Three or 12 hours away, it can be hard to see them — hard to stay connected with them. But these are the girls that I lived nearly my whole life with; the ones who know all of me, and the me I’m still growing into today.
They’re a constant. A perpetual friendship and confidants I can always rely on.
Everyone always says they never see people they knew from high school, adamant to leave it all and everyone behind. And while I, too, did a mass unfollowing on graduation day of the people I disliked, I kept the ones closest to me in my heart.
While I’m living my new life with my beloved roommates, people I hold so close to my heart and know they’ve changed my life for the better in every way, my sweet soul sisters are always a phone call away.
They knew and loved me in my awkward stages. They’ve seen all my embarrassing moments, and I’ve seen all of theirs, and I think it’s very important to continue to grow your friendships from home. These are some of the only people in your life who will have known what it was like for you to get your first period to having your first kid.
I only have a little brother as a sibling, and while I love him so, so much, having a best friend by my side, ever since I can remember, made me realize how everyone needs a sister in their life. A girl best friend.
One of my closest friends from home, Eva, has always known exactly what I’m thinking, and vice versa. With one glance across the room or a one-word text, we’ve always been on the same page and immediately on the same wavelength. It’s something so special and rare to me that no matter how much time we spend apart, as soon as we’re going on a drive or watching a dumb TV show, it’s like no time has passed.
Only a few can make me laugh as hard as she does, but the thing is, she doesn’t even have to try to be funny. Neither of us has to. With one glance at her just zoning out or making an indiscernible noise, I’m dying of laughter until my ribs ache and my mouth hurts from smiling.

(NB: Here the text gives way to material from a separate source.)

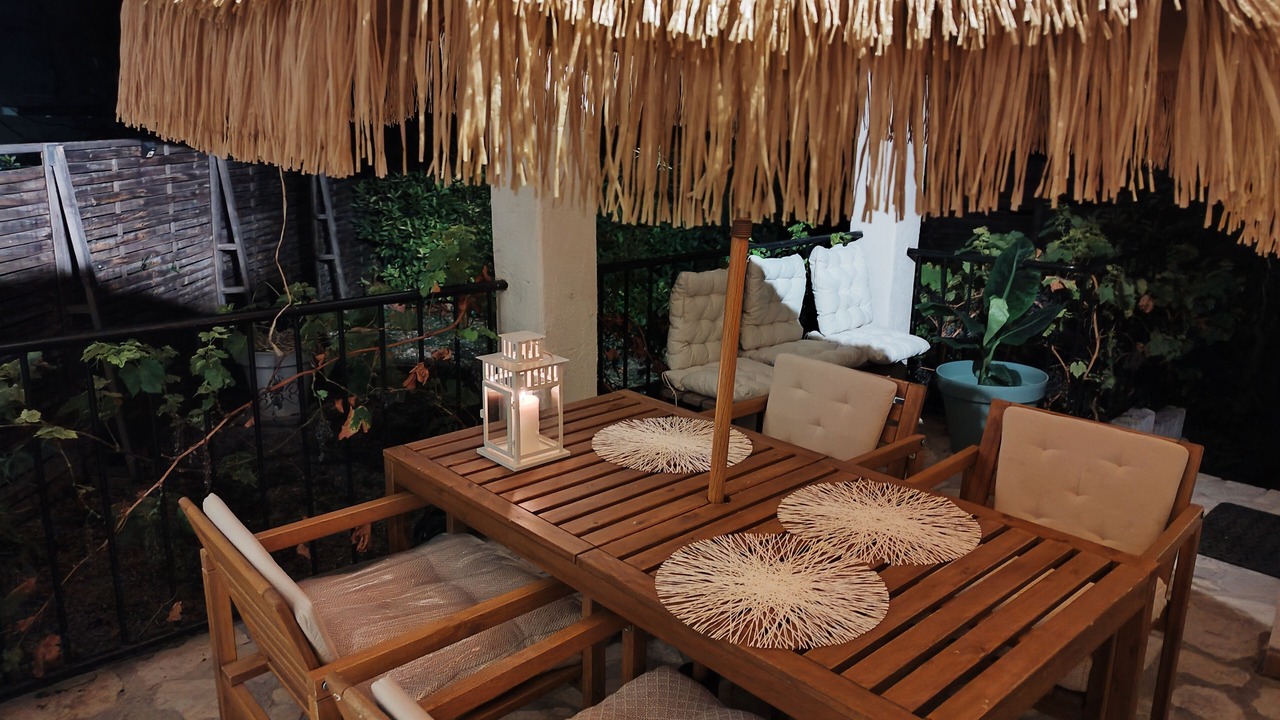 Photo of Outdoor in Callas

A quote from “Wuthering Heights” by Charlotte Brontë always appears in my mind whenever I think of Eva, and my other close friends from home.

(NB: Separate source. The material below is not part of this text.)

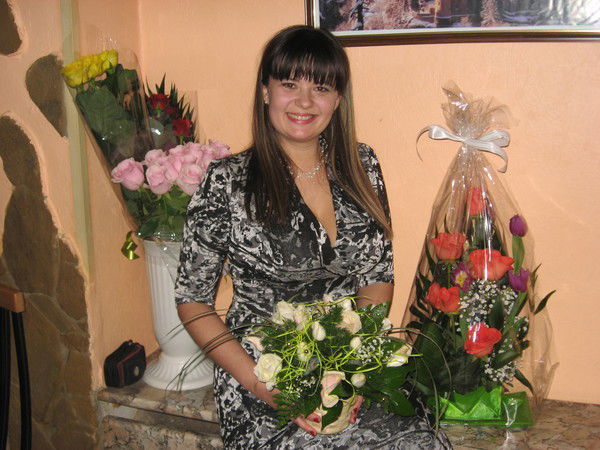 Анна Курочка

“Whatever his soul is made of, his and mine are the same.”
Wutheirng Heights, by Charlotte Brontë
But, of course, I mean it in a platonic way and switching the “his” for hers. These are the people I’ve known forever, and who know me down to my deepest core, who have seen all sides of my life. Our souls are intermixed, weaving in and out of my being.
While I’m forming unbreakable bonds here at school, I’m grateful knowing I will always have her, Courtney, Caitlin and others back at home, always lending an ear to each other’s problems or celebrating each other’s accomplishments. Because to me, they are my soul sisters — bonds I can always cherish.